Monitoring to prevent abuse by terrorists and repressive regimes seems like a solution. But it presents new issues -- and could even lead to abuse, Hemry said.

"The solution may be far worse than the existing problem, because dictatorial regimes could use that same monitoring and compliance capability to gain even better control over what users do on their computers," he worried.

Policy versus practice

Many of the U.S. companies fueling repression overseas have official policies outlawing such usage.

Websense policy states it "does not sell to governments or Internet Service Providers (ISPs) that are engaged in government-imposed censorship." But the Wall Street Journal revealed that the company has sold its Web-filtering technology in Yemen, where it has been used to block online tools that let people disguise their identities from government monitors.

A spokesman for ESET described a similar policy for that company. Christopher Dale told FoxNews.com that "ESET does not sell or distribute to any country under U.S. technology embargo -- and definitely not to Iran."

Yet preventing piracy or smuggling is serious challenge, especially in the world of software. "It is quite challenging to stop illegal distribution of software," he acknowledged.

Benjamin Wright, an attorney and instructor with the security training group SANS Institute, said the U.S. government could consider penalizing a U.S. tech firm if it lets technology end up in the wrong hands. Public opinion could also force a company into action, he said.
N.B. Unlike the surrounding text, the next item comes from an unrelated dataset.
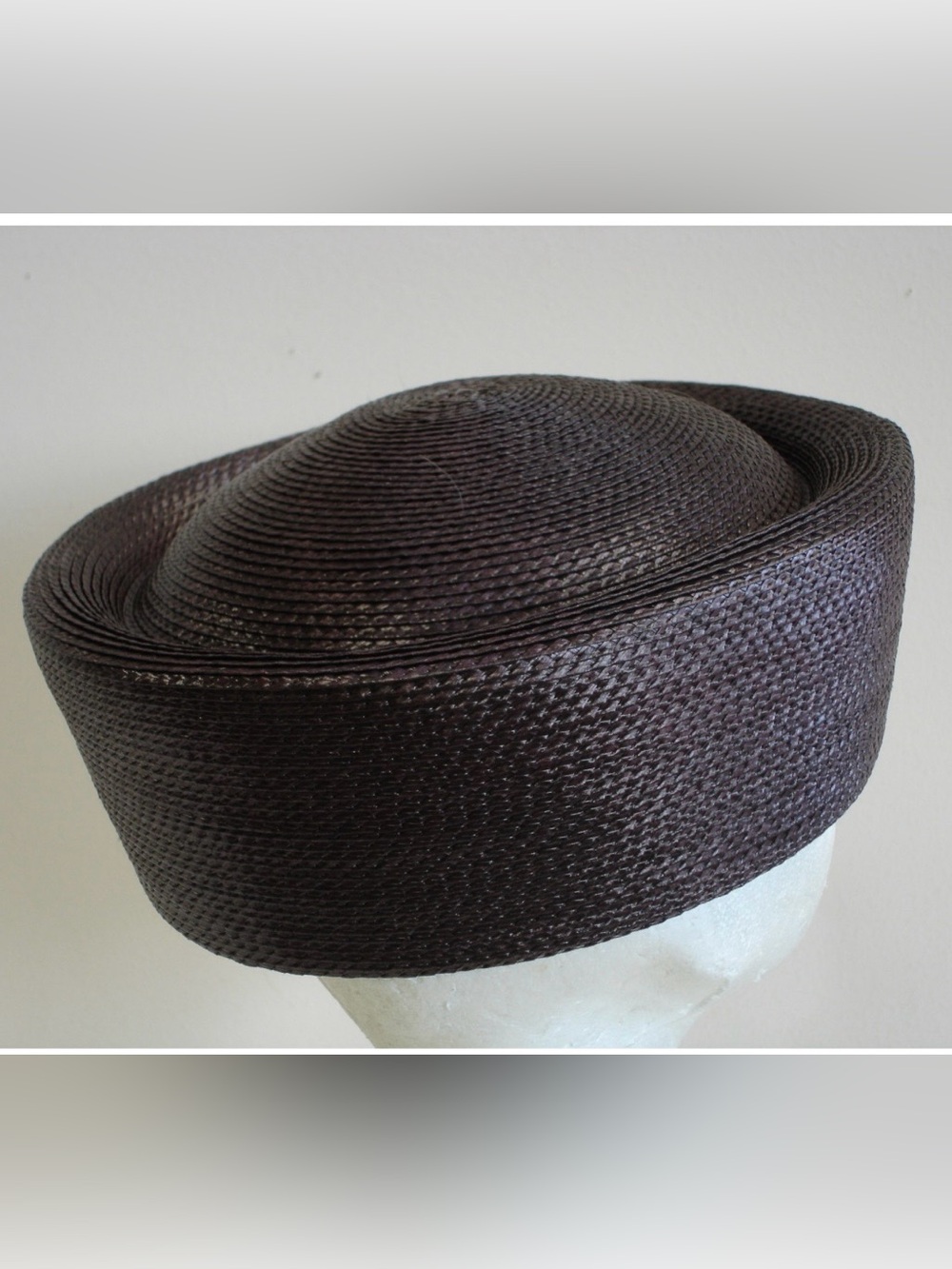Pillbox Poly Straw Hat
But in the end, the only practical solution may be to try to gain the cooperation of the hacker community to outwit software abuse by totalitarian regimes, Hemry said.

"Hackers could be our Achilles Heel, or they could be the means by which we keep dictators from controlling information. In practice, that's a two-edged sword that could cut us occasionally."

"But we can live with freedom. Authoritarian regimes can't," he said.